Note: I don't necessarily agree, just my interpretations of the meaning. Clearly, neither of these are quite suited to this particular circumstance, since there's a difference between leaving a conversation and being followed around.
The former, sure, I somewhat agree to an extent that community policing after a discussion is a little silly when realistically the same situation would have been avoided by just no longer engaging. For example, if you are walking down the street and see a crazy person engaging with every single person in front of you that passes by. You have the option to walk by them and ignore them, to walk a different direction to pass them, or to engage with them by talking right back.
On the internet, people choose the third option because it's "safe". In real life, most people walk by and ignore or go a different way. For both situations, potential aggravation could have been avoided by simply not engaging, thus, "Don't feed the trolls".

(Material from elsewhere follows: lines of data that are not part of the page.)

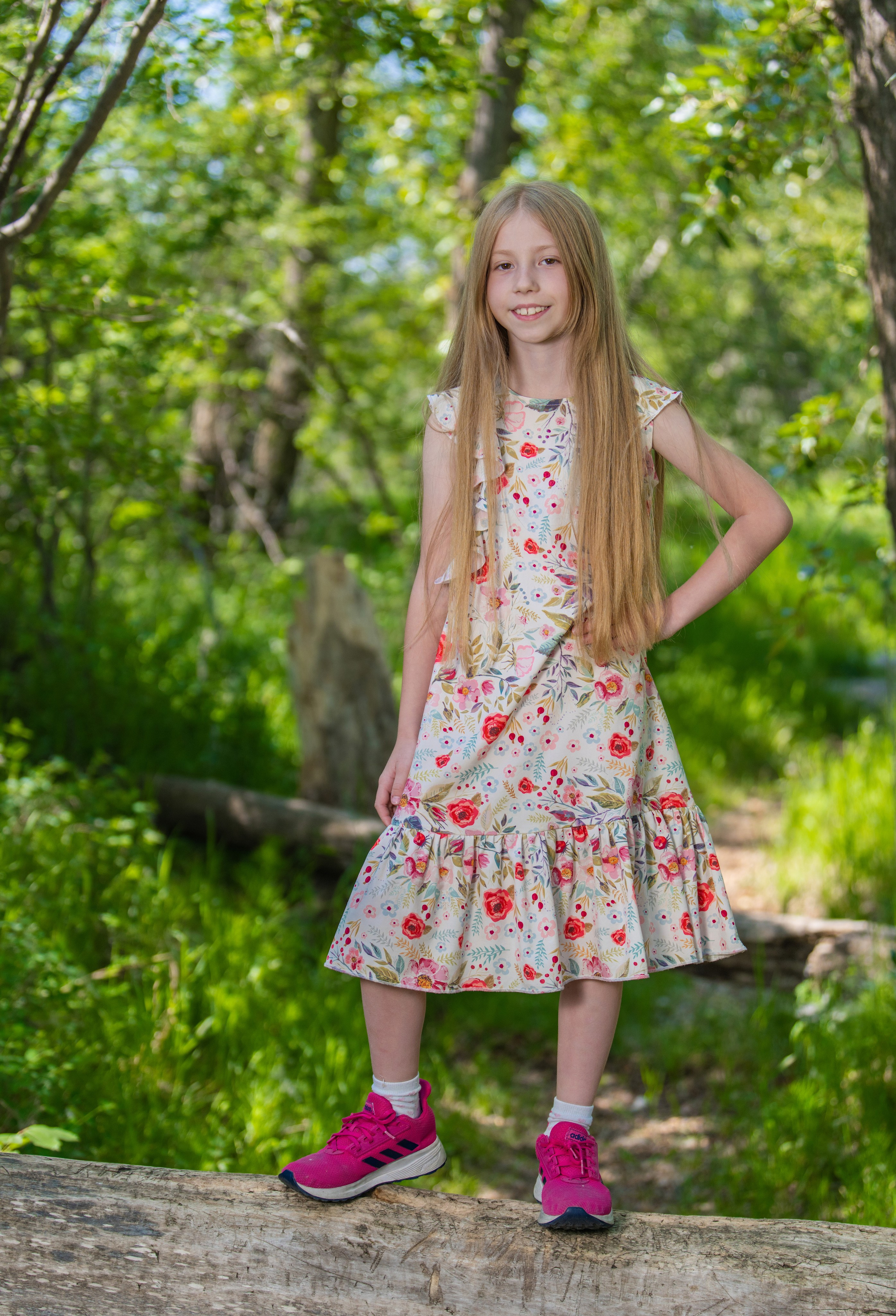 Tanya’s Family. Carlos Lima Photography — Photographer in Calgary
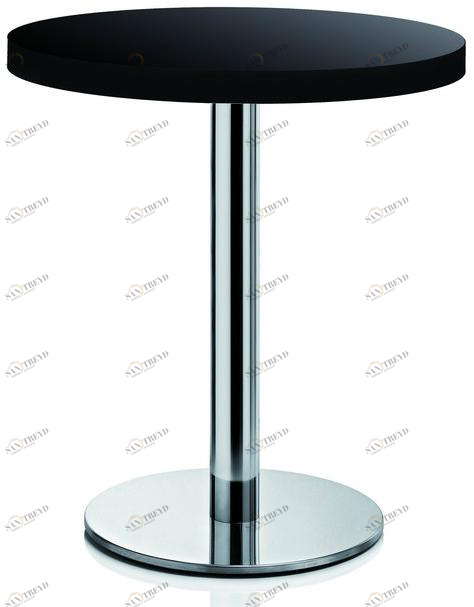 ALMA DESIGN Круглый стол в hpl Priscilla sun-id-1450410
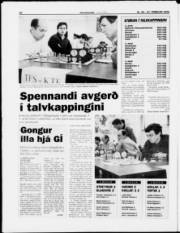 Síða 20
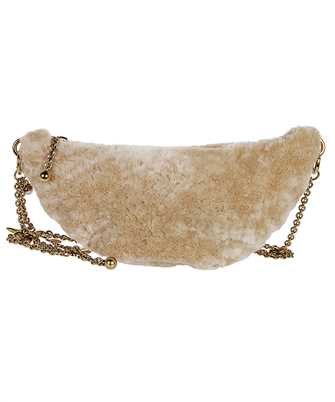 Chlo� CH25WP124Q58 ICONS SHOULDER Ta�ka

However as mentioned, that's just not the case when someone is following you around. Per the previous example, that's when you call for moderator support, or the police/public service to deescalate and further prevent the action from happening to others.
I don't think "Don't feed the trolls" [alone] is a solution on a public internet forum with changing people. New trolls will come anyway. Some people will always sometimes engage. And if the trolls continue, even without responses, it sets a mood in discussions and threads that influences people whether they engage or not.
That is my biggest concern, drive by hate has a chilling effect. Most people don't want to jump into a contentious conversation.